## Prompt
Nothing but an exact repeat of the data, with pictures removed, belongs in the answer.

## Data extract
┏━━

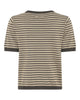 LA ROUGE ApS Sailor Knit S/S Knit Sand/brown stripe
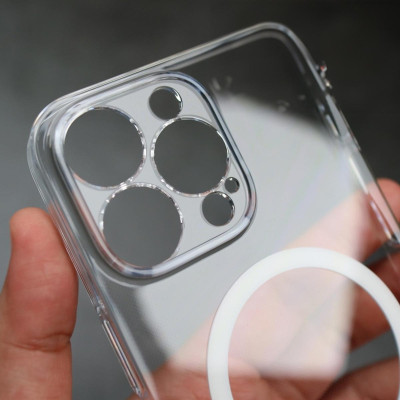 Ốp lưng trong suốt sạc từ tính bảo vệ camera cho iPhone 16 Pro Max, iPhone 16 Pro, iPhone 15 Pro Max, Iphone 15 Pro hiệu Memumi Glitter Magnetic - Siêu Mỏng 0.3mm, Tích Hợp Sạc Không Dây Từ Tích Magnetic, Lực Hút Mạnh, Chắc Chắn - Hàng nhập khẩu
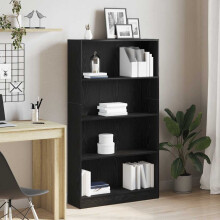 Berkfield 4-Tier Bookcase Black Oak 80x24x143 cm Engineered Wood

┗━━

## Response
 LA ROUGE ApS Sailor Knit S/S Knit Sand/brown stripe
 Ốp lưng trong suốt sạc từ tính bảo vệ camera cho iPhone 16 Pro Max, iPhone 16 Pro, iPhone 15 Pro Max, Iphone 15 Pro hiệu Memumi Glitter Magnetic - Siêu Mỏng 0.3mm, Tích Hợp Sạc Không Dây Từ Tích Magnetic, Lực Hút Mạnh, Chắc Chắn - Hàng nhập khẩu
 Berkfield 4-Tier Bookcase Black Oak 80x24x143 cm Engineered Wood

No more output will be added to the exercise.